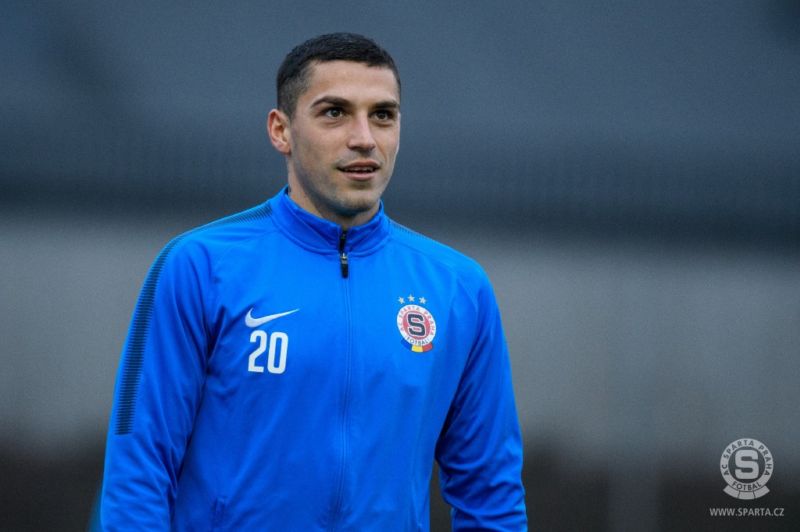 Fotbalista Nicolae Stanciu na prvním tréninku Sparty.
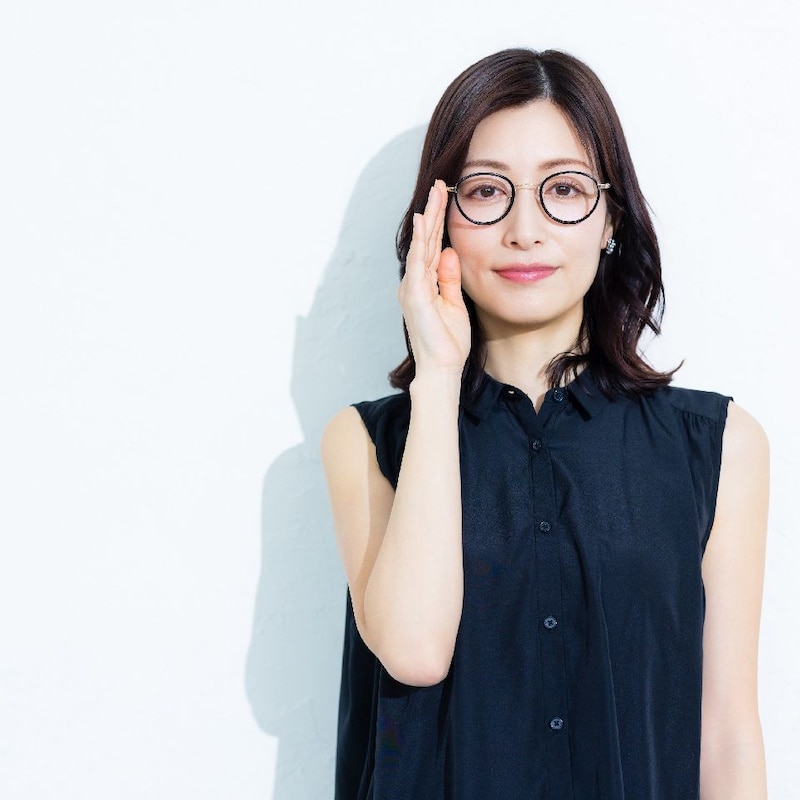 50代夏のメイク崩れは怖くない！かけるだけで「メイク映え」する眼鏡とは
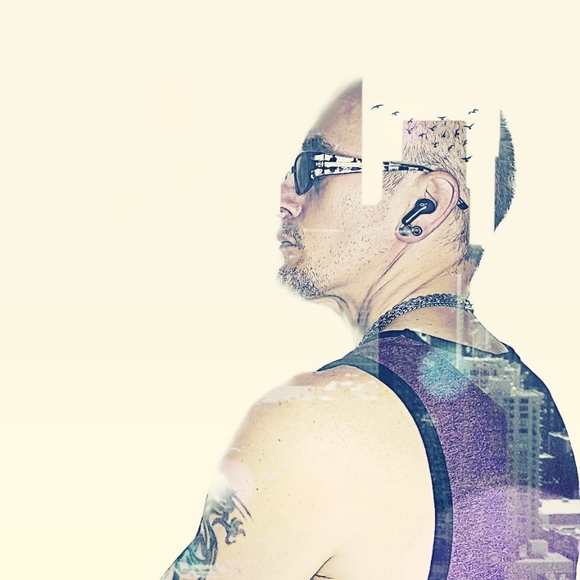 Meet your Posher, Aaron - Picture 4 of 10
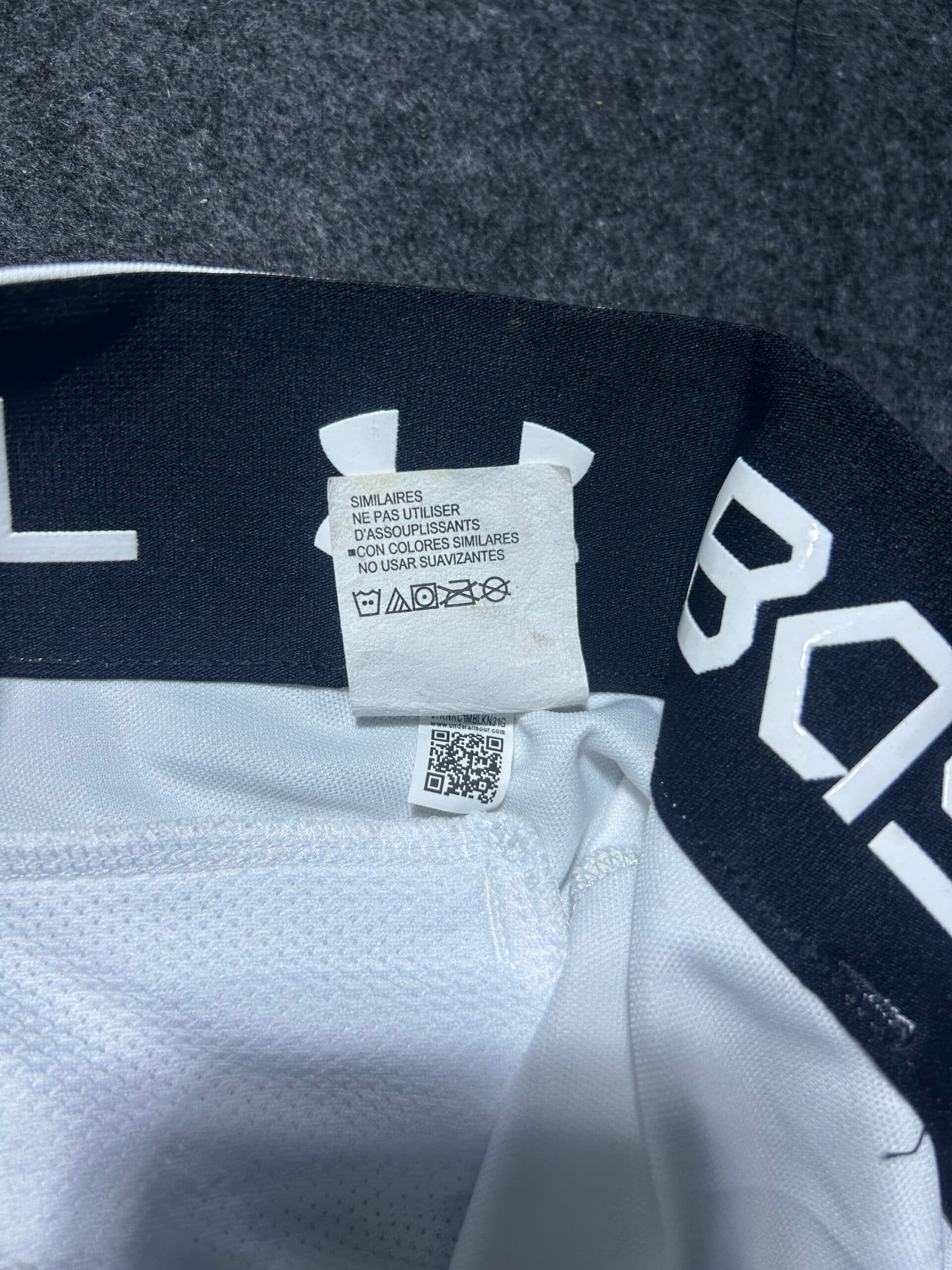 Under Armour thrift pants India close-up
...
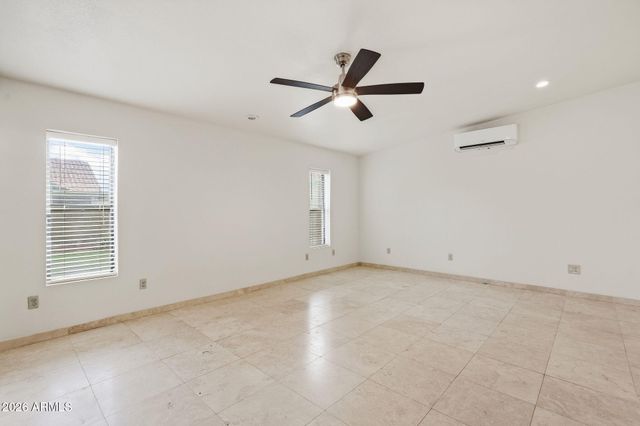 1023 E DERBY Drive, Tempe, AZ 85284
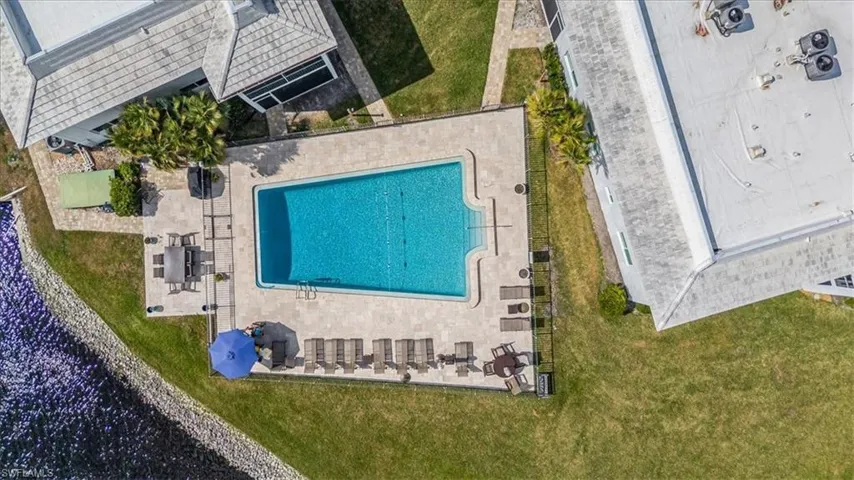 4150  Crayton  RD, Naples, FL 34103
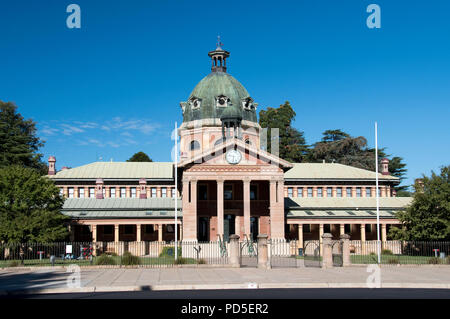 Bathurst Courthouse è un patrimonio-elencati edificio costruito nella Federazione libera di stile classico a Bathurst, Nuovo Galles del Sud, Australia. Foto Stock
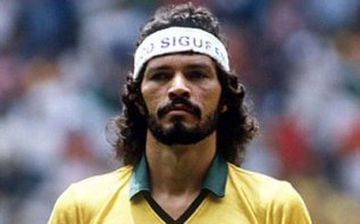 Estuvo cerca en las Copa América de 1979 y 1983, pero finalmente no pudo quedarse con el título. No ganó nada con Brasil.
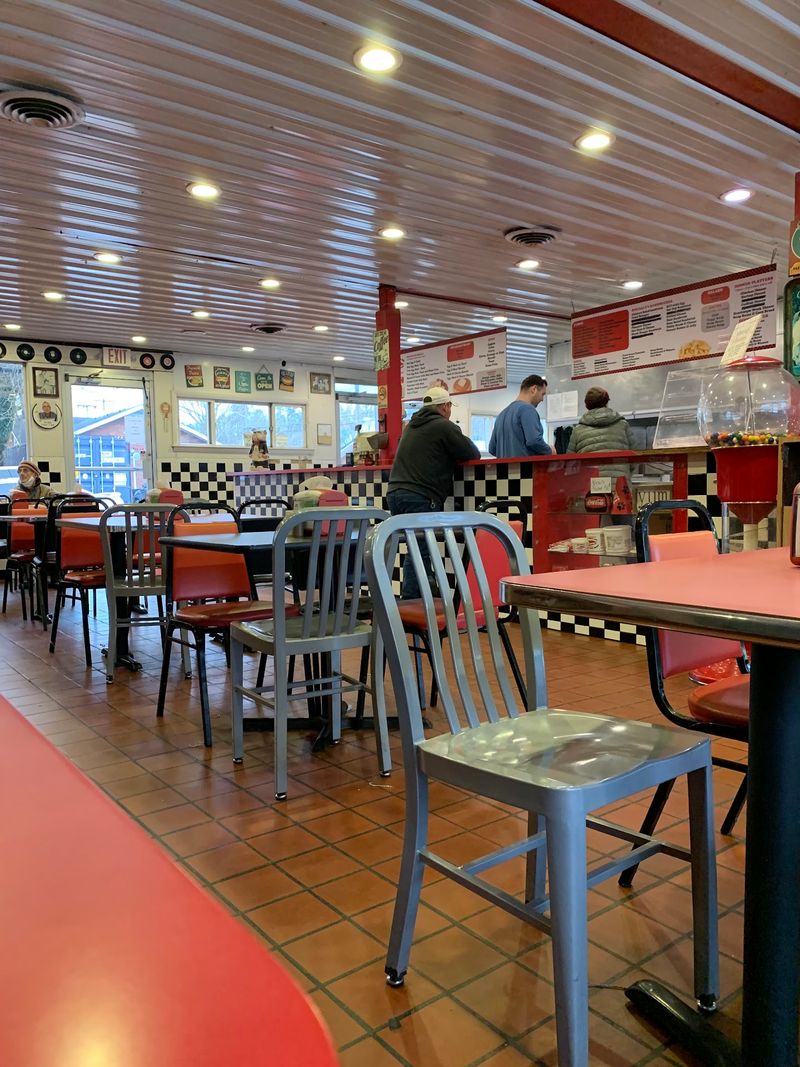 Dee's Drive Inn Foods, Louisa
---
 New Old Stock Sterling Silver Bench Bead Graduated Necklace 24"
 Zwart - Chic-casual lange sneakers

• _Task details_: Your answer must be everything above from the line with "50代夏のメイク崩れは怖くない！かけるだけで「メイク映え」する眼鏡とは" down to the line with "Under Armour thrift pants India close-up", word for word, and no pictures.

• _Expected answer_:
 50代夏のメイク崩れは怖くない！かけるだけで「メイク映え」する眼鏡とは
 Meet your Posher, Aaron - Picture 4 of 10
 Under Armour thrift pants India close-up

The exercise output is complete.